## RECORDS SHOWN

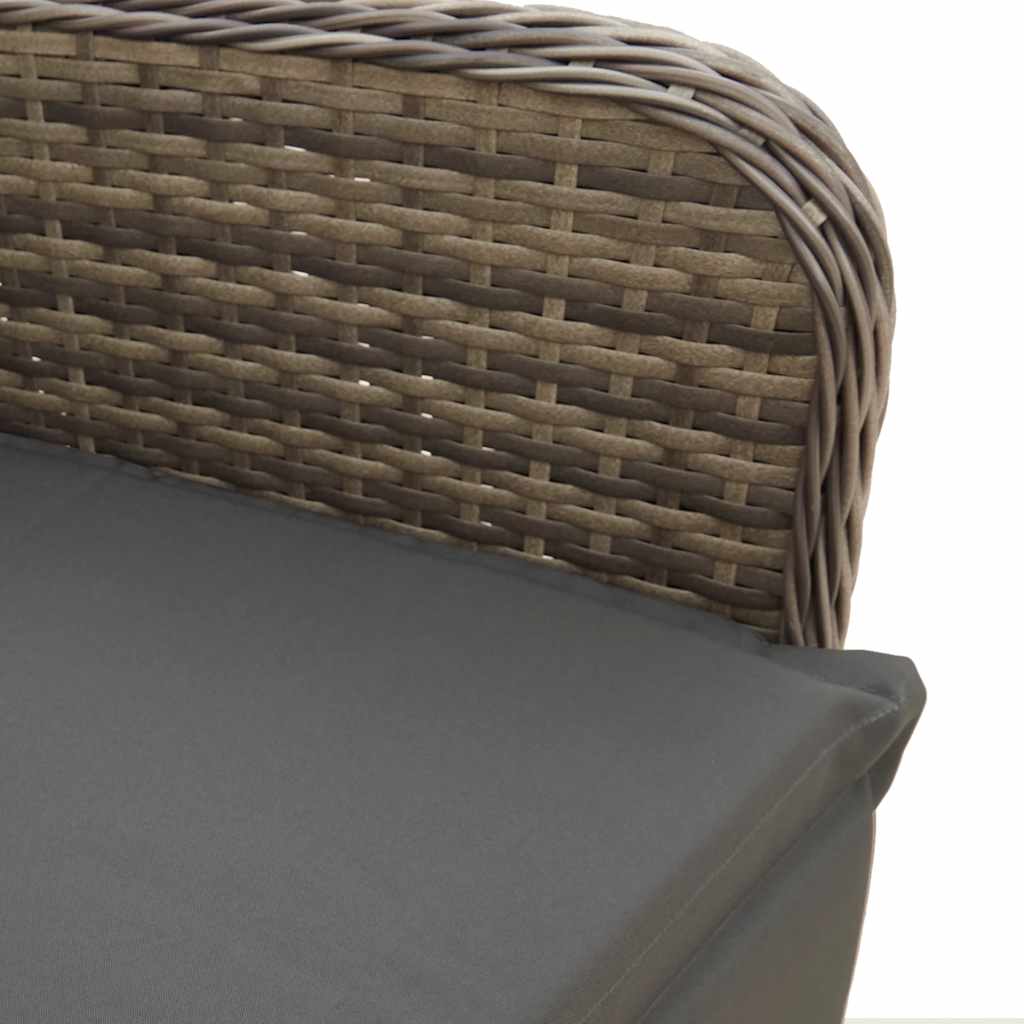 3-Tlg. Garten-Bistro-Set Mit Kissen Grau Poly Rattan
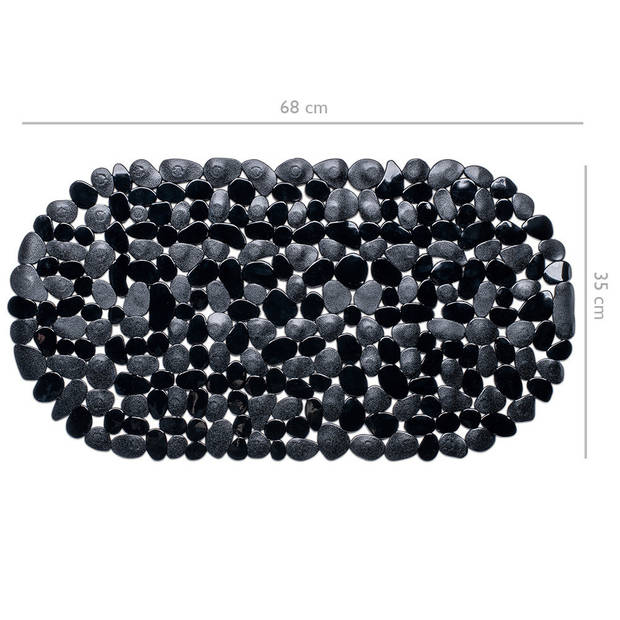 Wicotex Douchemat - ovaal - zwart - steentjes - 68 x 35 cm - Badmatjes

* * *

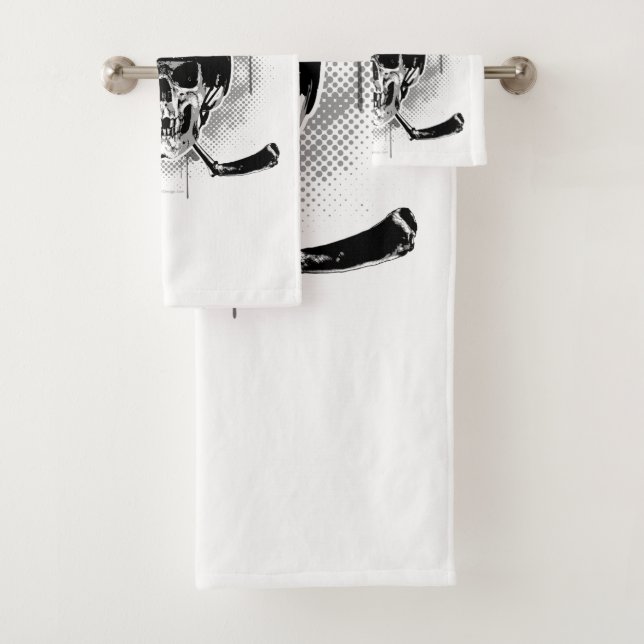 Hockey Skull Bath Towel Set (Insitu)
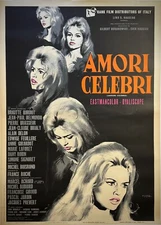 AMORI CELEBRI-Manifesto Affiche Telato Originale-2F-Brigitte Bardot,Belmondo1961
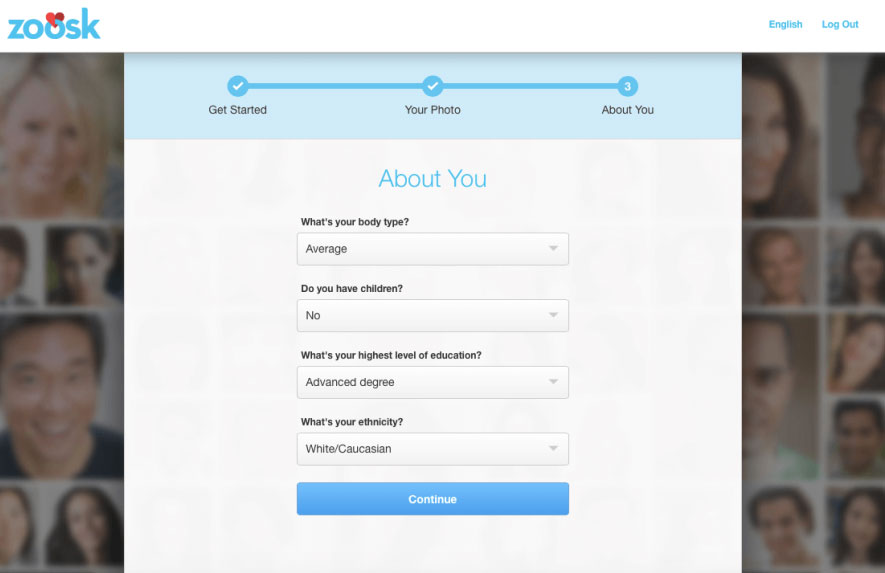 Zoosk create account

## WORK ORDER
The lines to copy exactly start with the line above that has "3-Tlg. Garten-Bistro-Set Mit" and go on through the line that has "Wicotex Douchemat - ovaal"; please include both, add nothing else, and omit the pictures.

## EXPECTED ANSWER
 3-Tlg. Garten-Bistro-Set Mit Kissen Grau Poly Rattan
 Wicotex Douchemat - ovaal - zwart - steentjes - 68 x 35 cm - Badmatjes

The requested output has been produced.